→ Exercise materials
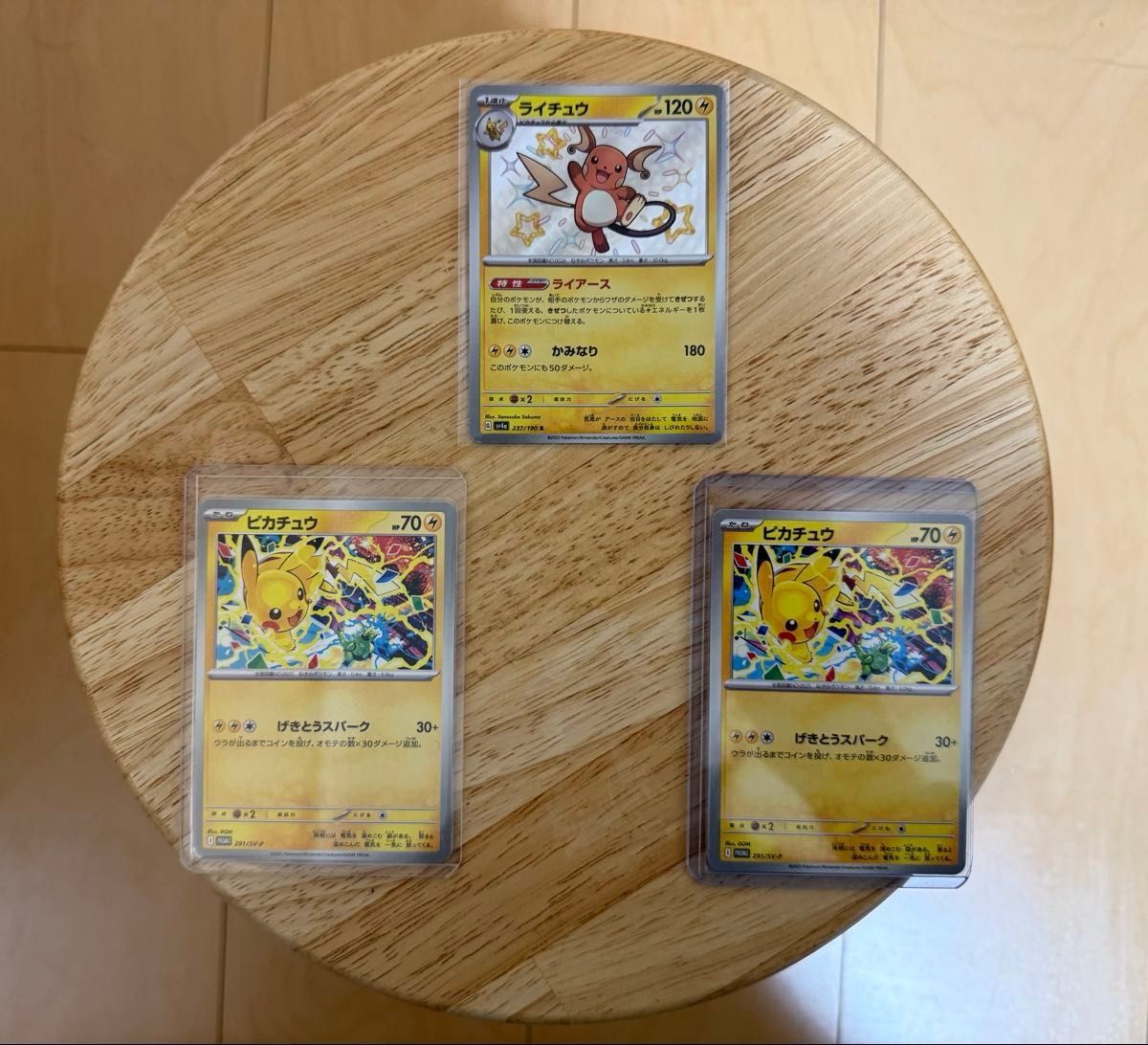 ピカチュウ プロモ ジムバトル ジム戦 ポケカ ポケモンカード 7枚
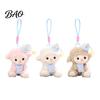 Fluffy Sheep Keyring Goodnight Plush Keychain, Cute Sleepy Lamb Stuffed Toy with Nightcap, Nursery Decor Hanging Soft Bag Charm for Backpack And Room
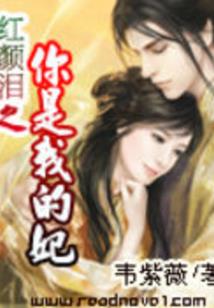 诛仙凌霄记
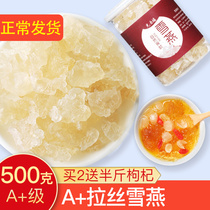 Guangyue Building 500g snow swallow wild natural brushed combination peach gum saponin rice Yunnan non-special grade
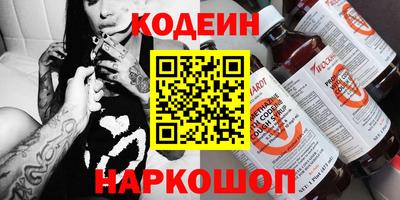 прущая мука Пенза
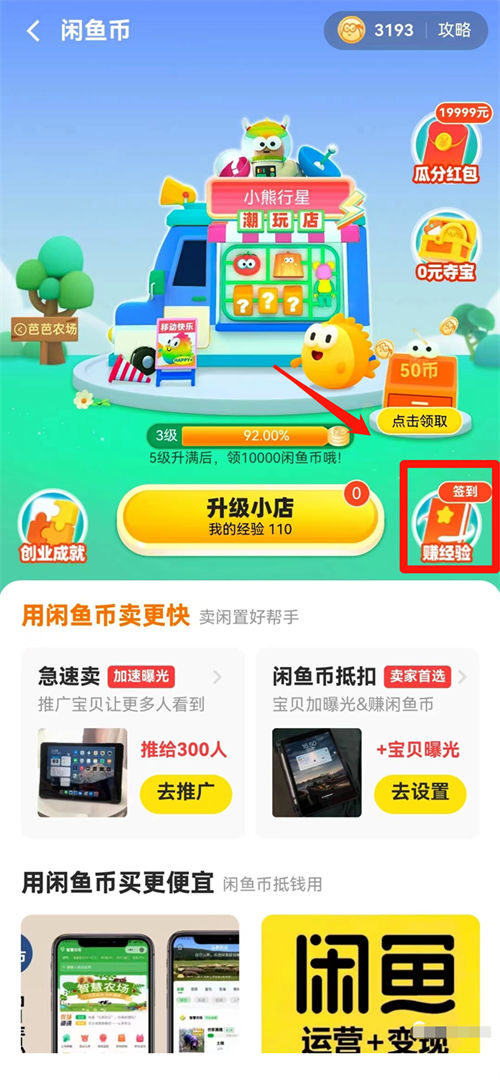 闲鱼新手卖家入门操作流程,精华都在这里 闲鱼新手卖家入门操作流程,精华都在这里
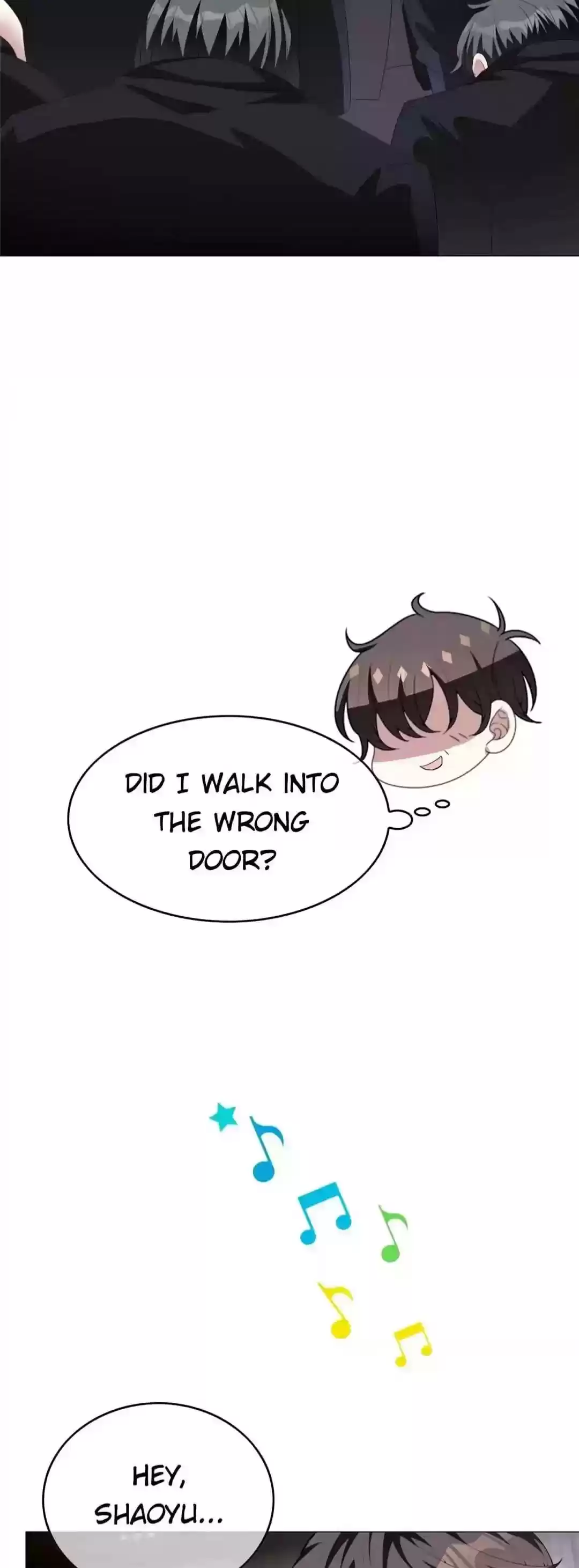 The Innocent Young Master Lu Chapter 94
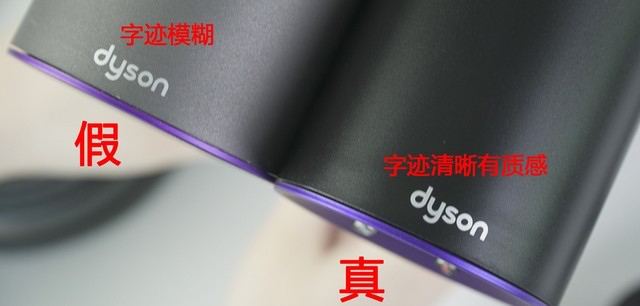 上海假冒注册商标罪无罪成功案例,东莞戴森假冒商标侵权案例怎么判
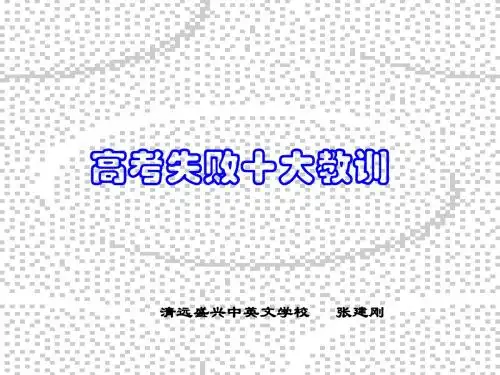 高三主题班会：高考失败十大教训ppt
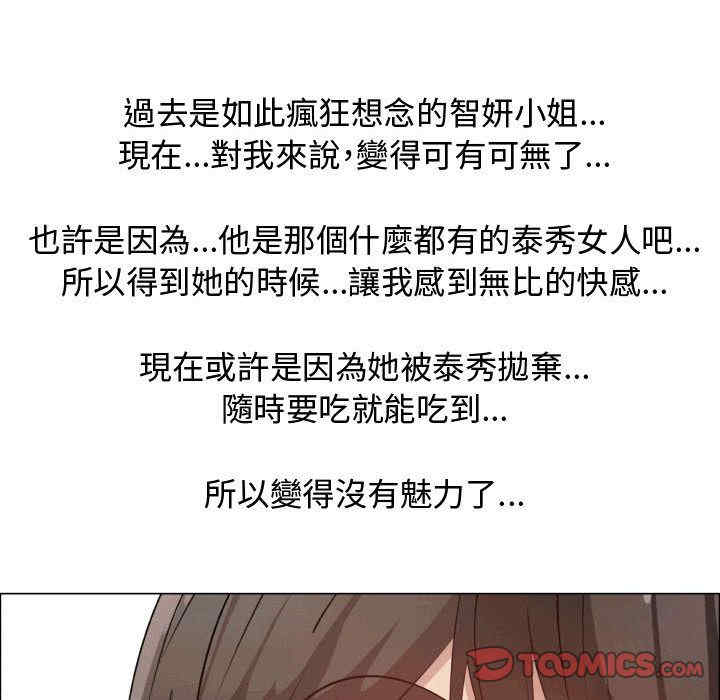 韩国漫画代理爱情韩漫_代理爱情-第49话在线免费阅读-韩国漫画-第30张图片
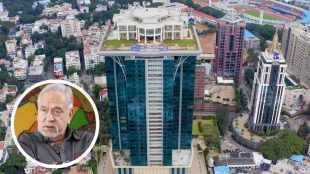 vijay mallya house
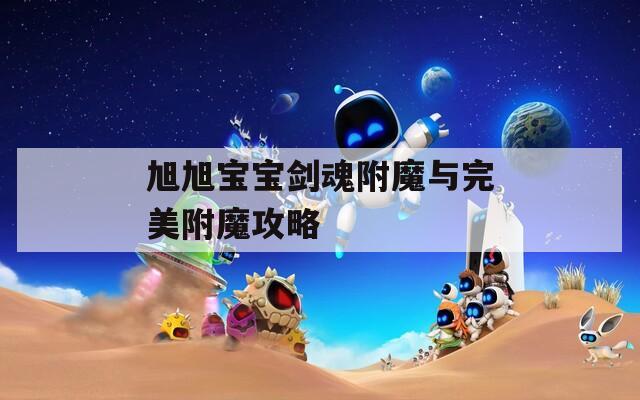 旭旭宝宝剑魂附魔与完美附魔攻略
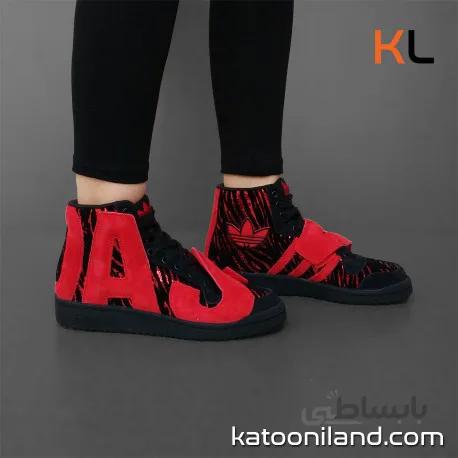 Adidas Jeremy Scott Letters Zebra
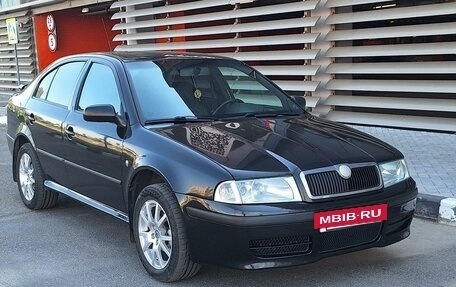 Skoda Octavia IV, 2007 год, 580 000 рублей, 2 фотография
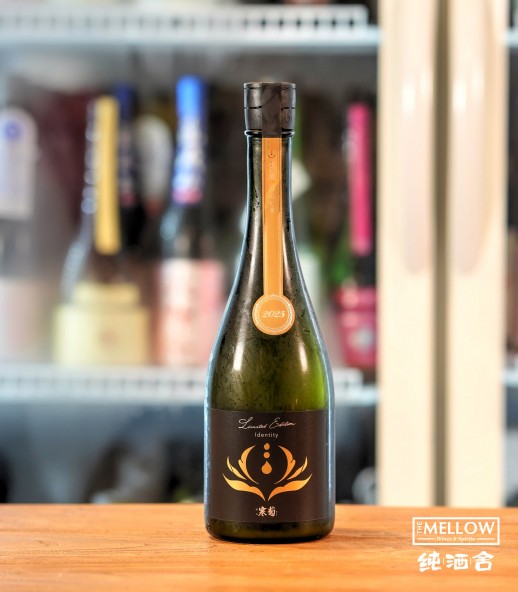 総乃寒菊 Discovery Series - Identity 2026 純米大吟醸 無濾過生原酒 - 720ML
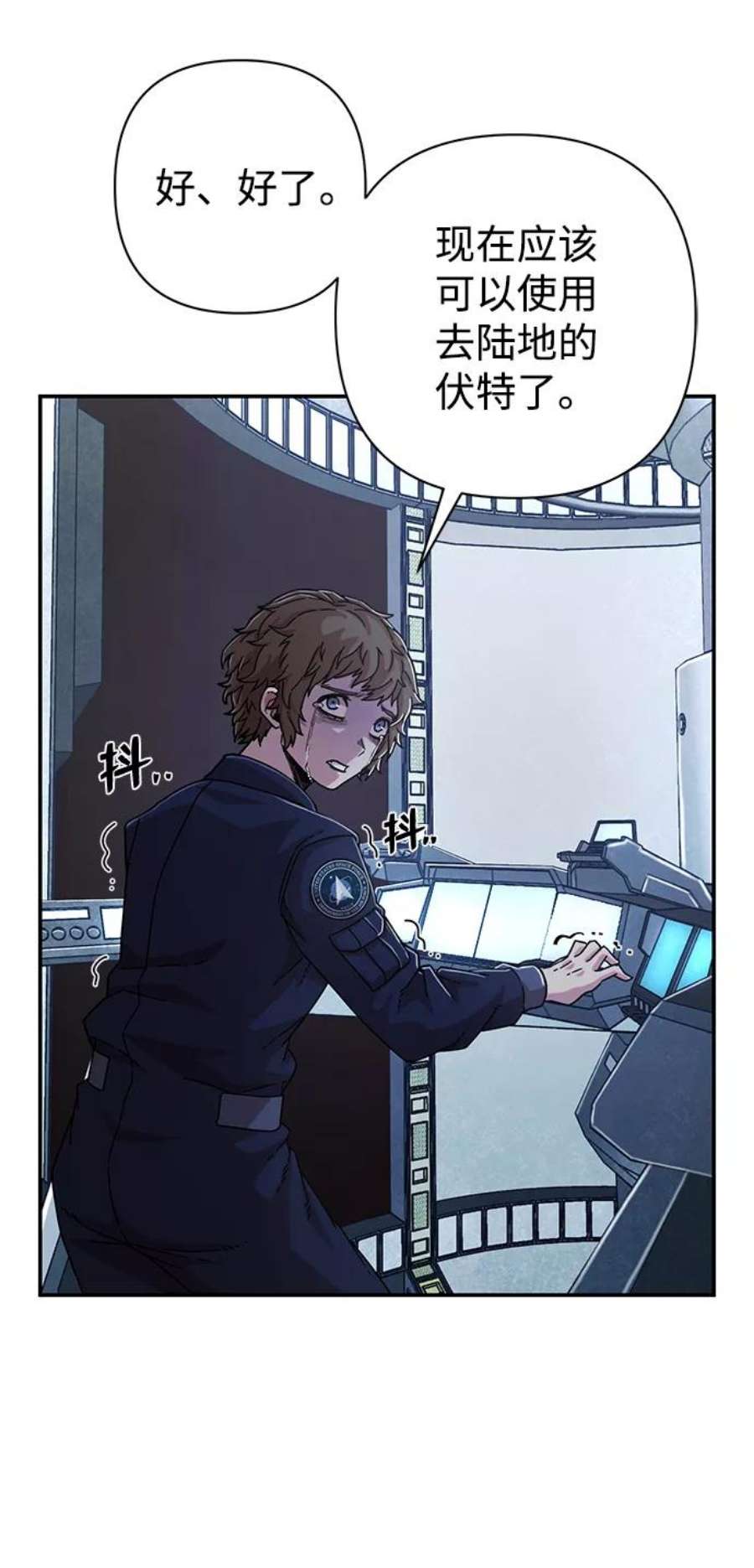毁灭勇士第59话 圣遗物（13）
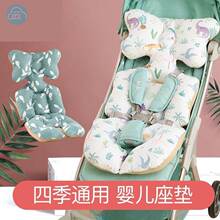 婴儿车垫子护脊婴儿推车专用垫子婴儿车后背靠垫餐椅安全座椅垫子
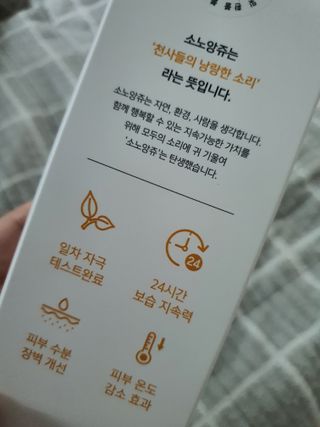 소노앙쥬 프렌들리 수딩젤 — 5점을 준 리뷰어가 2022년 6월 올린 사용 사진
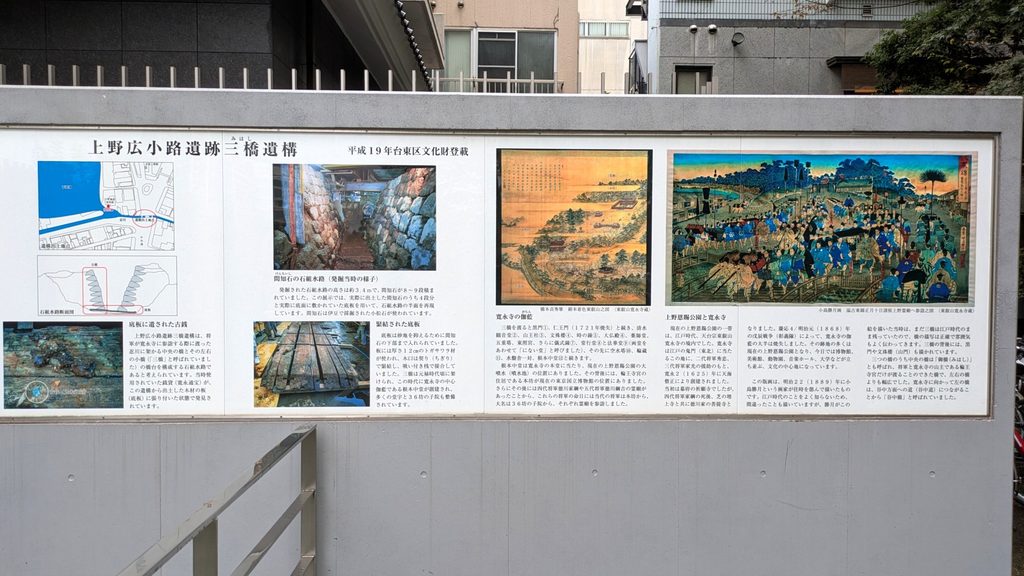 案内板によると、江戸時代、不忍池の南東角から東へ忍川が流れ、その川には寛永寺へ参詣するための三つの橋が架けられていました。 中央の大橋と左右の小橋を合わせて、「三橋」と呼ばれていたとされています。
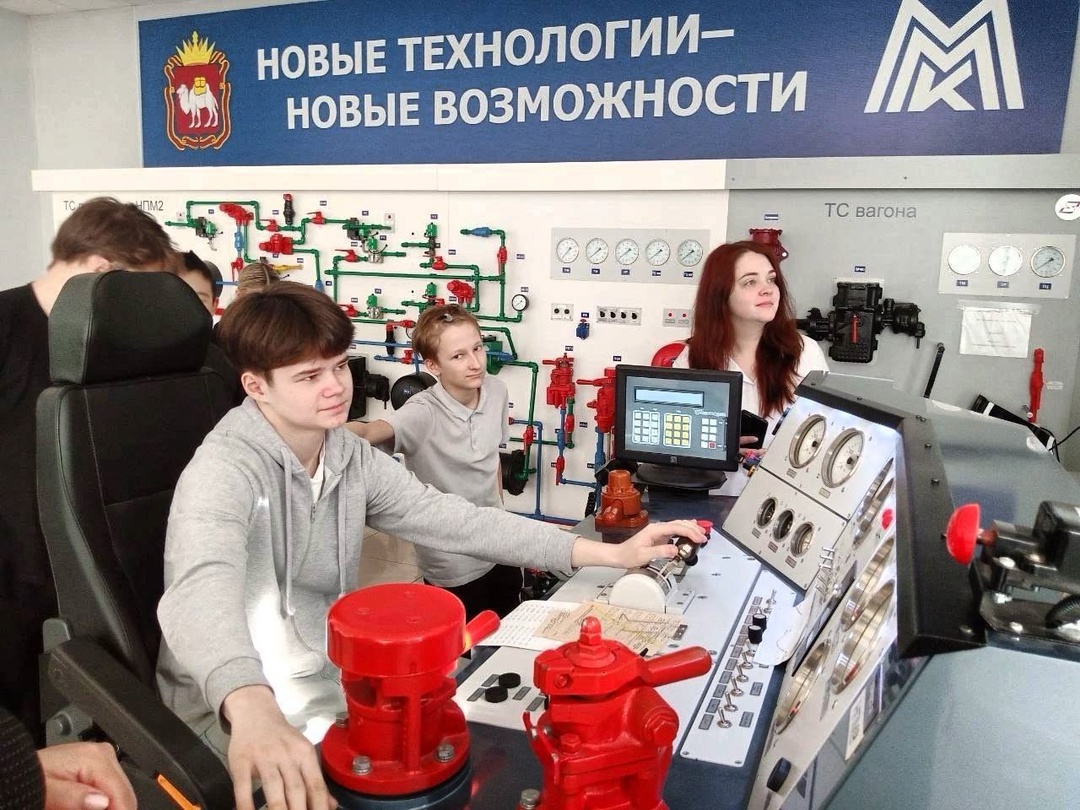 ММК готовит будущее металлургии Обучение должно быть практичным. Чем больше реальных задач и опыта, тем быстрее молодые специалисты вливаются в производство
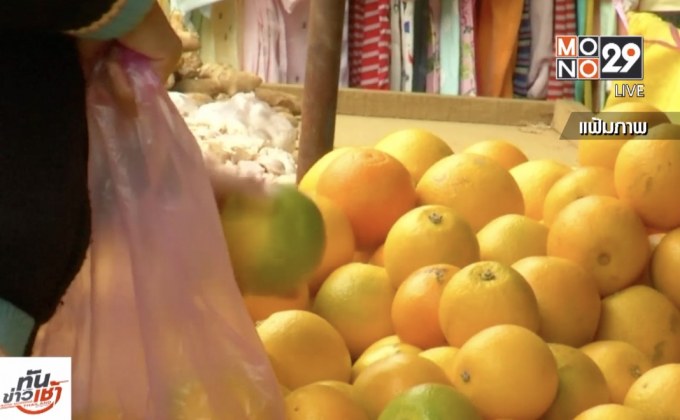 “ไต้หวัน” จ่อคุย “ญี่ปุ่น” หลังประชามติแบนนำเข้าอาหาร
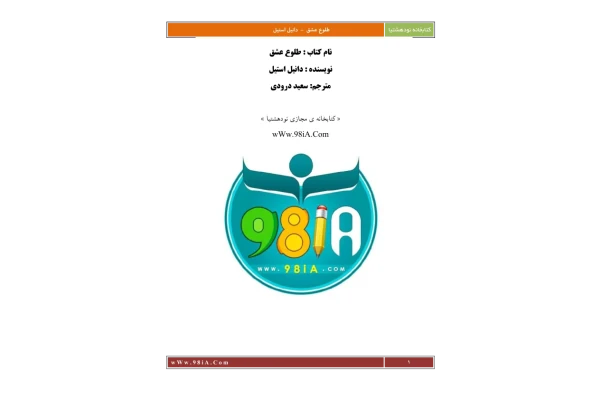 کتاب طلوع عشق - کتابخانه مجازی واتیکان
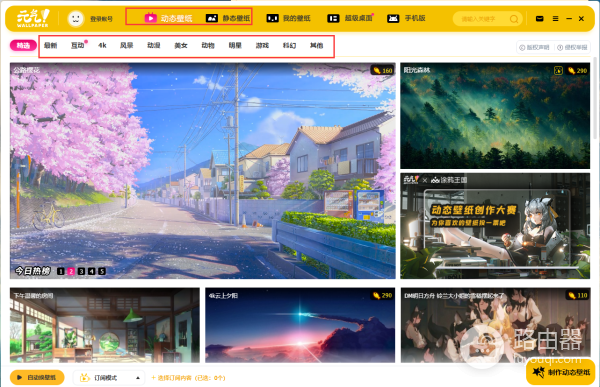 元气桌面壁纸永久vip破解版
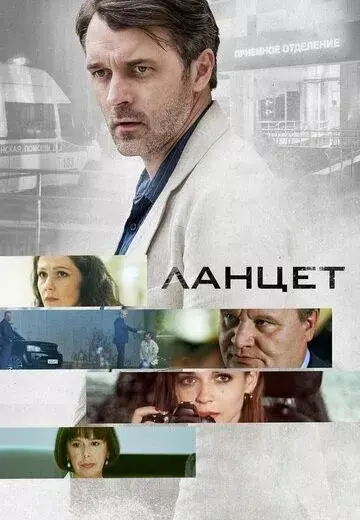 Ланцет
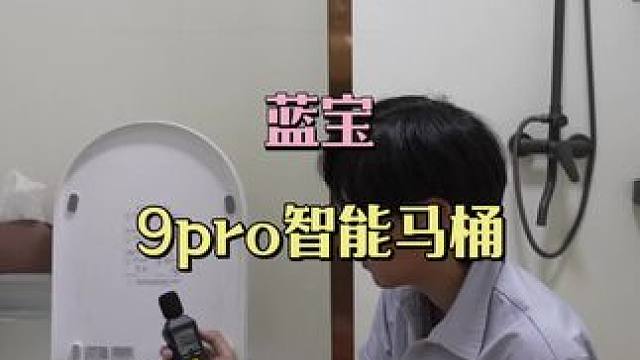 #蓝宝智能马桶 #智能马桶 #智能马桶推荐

→ Instructions to follow
Please transcribe exactly the lines from the start of the records through the line containing "婴儿车垫子护脊婴儿推车专用垫子婴儿车后背靠垫餐椅安全座椅垫子", leaving the pictures out.

→ Solution for this problem
 ピカチュウ プロモ ジムバトル ジム戦 ポケカ ポケモンカード 7枚
 Fluffy Sheep Keyring Goodnight Plush Keychain, Cute Sleepy Lamb Stuffed Toy with Nightcap, Nursery Decor Hanging Soft Bag Charm for Backpack And Room
 诛仙凌霄记
 Guangyue Building 500g snow swallow wild natural brushed combination peach gum saponin rice Yunnan non-special grade
 прущая мука Пенза
 闲鱼新手卖家入门操作流程,精华都在这里 闲鱼新手卖家入门操作流程,精华都在这里
 The Innocent Young Master Lu Chapter 94
 上海假冒注册商标罪无罪成功案例,东莞戴森假冒商标侵权案例怎么判
 高三主题班会：高考失败十大教训ppt
 韩国漫画代理爱情韩漫_代理爱情-第49话在线免费阅读-韩国漫画-第30张图片
 vijay mallya house
 旭旭宝宝剑魂附魔与完美附魔攻略
 Adidas Jeremy Scott Letters Zebra
 Skoda Octavia IV, 2007 год, 580 000 рублей, 2 фотография
 総乃寒菊 Discovery Series - Identity 2026 純米大吟醸 無濾過生原酒 - 720ML
毁灭勇士第59话 圣遗物（13）
 婴儿车垫子护脊婴儿推车专用垫子婴儿车后背靠垫餐椅安全座椅垫子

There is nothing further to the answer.